Grizzly attacking livestock killed near Quick
Published: October 08, 2008 8:00 AMUpdated: October 09, 2008 3:46 PM
A grizzly bear killing livestock in the Quick area was put down by conservation officers late last month.
The shooting is the 46th of the year by conservation officers in their territory which extends to just south of Houston to the Yukon border.
“We do try to rehabilitate grizzly bears, but this one wasn’t a candidate,” said conservation officer Kevin Nixon.
When deciding whether to put a bear down, the guidelines are set to measure the location, the bear was found, the habituation of the bear to garbage food or humans.
“We also have to measure the level of aggression,” Nixon said. “Once a bear develops a taste for livestock, they often come back and that hurts our credibility with the Cattlemens’ Association.”
Nixon said that while the number of bears put down this year is high, it’s not as much as other years.
Two years ago, the four-man team had to put down 60 or more bears.
“It mostly has to do with naturally-available food sources,” Nixon said. “Some years the berry crop is very good, this year the saskatoons were not so bad and there was an exceptional huckleberry crop. The black bears in the area are very healthy.
Once the fall season hits, bears — whose only thought is to fill up their bellies for hibernation — get more and more brazen.
“First, a bear is a block in from the green belt, then two blocks, the next thing you know it is on Main Street,” Nixon said. “They eat 18 hours a day right now, they don’t think about anything else.”
Nixon said people should be careful to only put garbage out on garbage day.

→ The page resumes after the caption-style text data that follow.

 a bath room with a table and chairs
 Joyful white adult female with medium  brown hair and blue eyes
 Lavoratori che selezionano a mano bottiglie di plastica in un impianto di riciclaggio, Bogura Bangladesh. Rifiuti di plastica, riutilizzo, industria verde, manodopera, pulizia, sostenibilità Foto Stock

Apple trees should also be picked.
“I drove around town today [Thursday] and I must have seen hundreds of apple trees brimming with apples,” Nixon said. “In Smithers alone we had six calls this morning about bear sightings.”

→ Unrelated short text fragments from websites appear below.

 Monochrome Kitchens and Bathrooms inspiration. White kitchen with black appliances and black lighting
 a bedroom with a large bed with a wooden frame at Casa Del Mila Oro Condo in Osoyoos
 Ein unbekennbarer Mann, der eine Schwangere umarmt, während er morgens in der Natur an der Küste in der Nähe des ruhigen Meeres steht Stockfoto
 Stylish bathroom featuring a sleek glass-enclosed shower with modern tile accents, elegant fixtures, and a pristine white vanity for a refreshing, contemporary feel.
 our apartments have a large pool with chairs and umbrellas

Because conservation officers receive many calls each day, officers must prioritize those calls where people are in imminent danger, but Nixon said the RCMP is always there to help.
When a bear walked into a Subway [restaurant] in Kitimat last month, RCMP secured the scene until a conservation officer could arrive.
“The RCMP’s first goal is to protect human life and so is the C.O.’s,” Nixon said.